An old but very interesting paper at least in my opinion…
This paper presents an interesting and deeply counter-intuitive finding that challenges foundational assumptions in the fields of knowledge distillation and self-supervised learning (SSL). The authors demonstrate that a "student" model can learn high-quality representations by distilling knowledge from a "teacher" network whose weights are completely random and untrained. The work dismantles the standard "teacher-student relationship" to isolate and study the dynamics of learning with knowledge distillation, revealing a process similar to implicit regularization that is not dependent on the teacher possessing any actual "knowledge."

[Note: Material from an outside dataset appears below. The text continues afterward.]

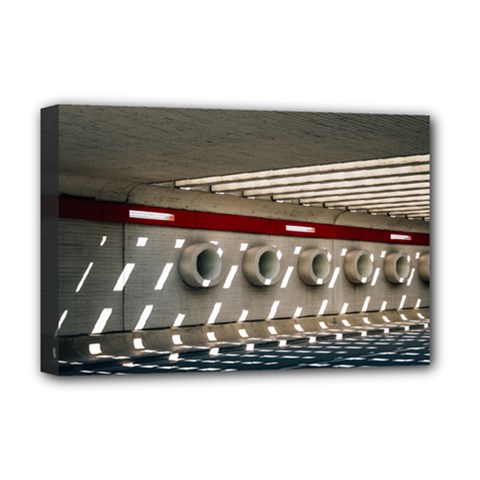 Patterned Tunnels On The Concrete Wall Deluxe Canvas 18  X 12  (stretched) by artworkshop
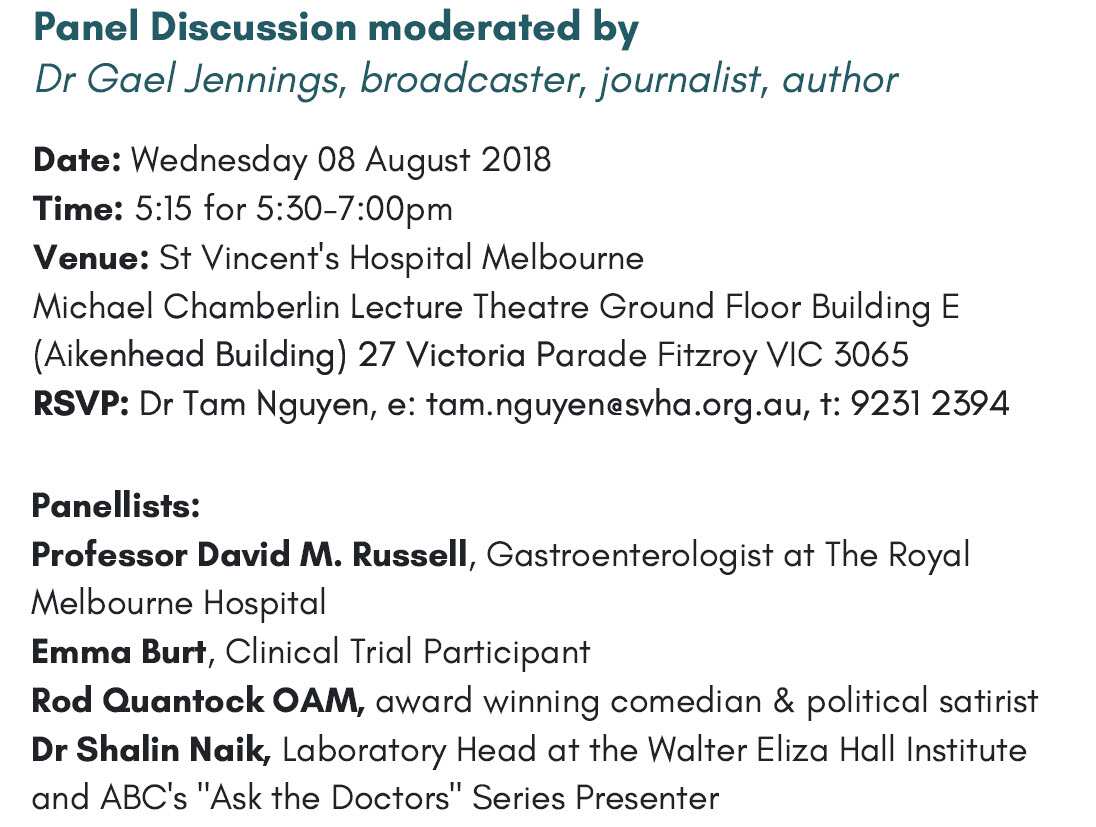 Thông tin về buổi nói chuyện tại BV St Vincent's Melbourne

As mentioned, the main goal of the paper is to investigate the dynamics of knowledge distillation. The paper broadly examines two knowledge distillation regimes: with labeled data and without labeled data (label-free).
The core of the paper's contribution lies in its elegantly simple experimental setup. The authors create a scenario designed to remove various confounding factors that are typically credited with the success of distillation and SSL methods.
No "Dark Knowledge": The teacher network is initialized randomly and is then "frozen." It is never exposed to the training data or labels, meaning it contains no learned information about the task or the data distribution. The student's goal is simply to minimize the KL-divergence between its output distribution and the teacher's static, random output (though sometimes the student's loss on the data is also added).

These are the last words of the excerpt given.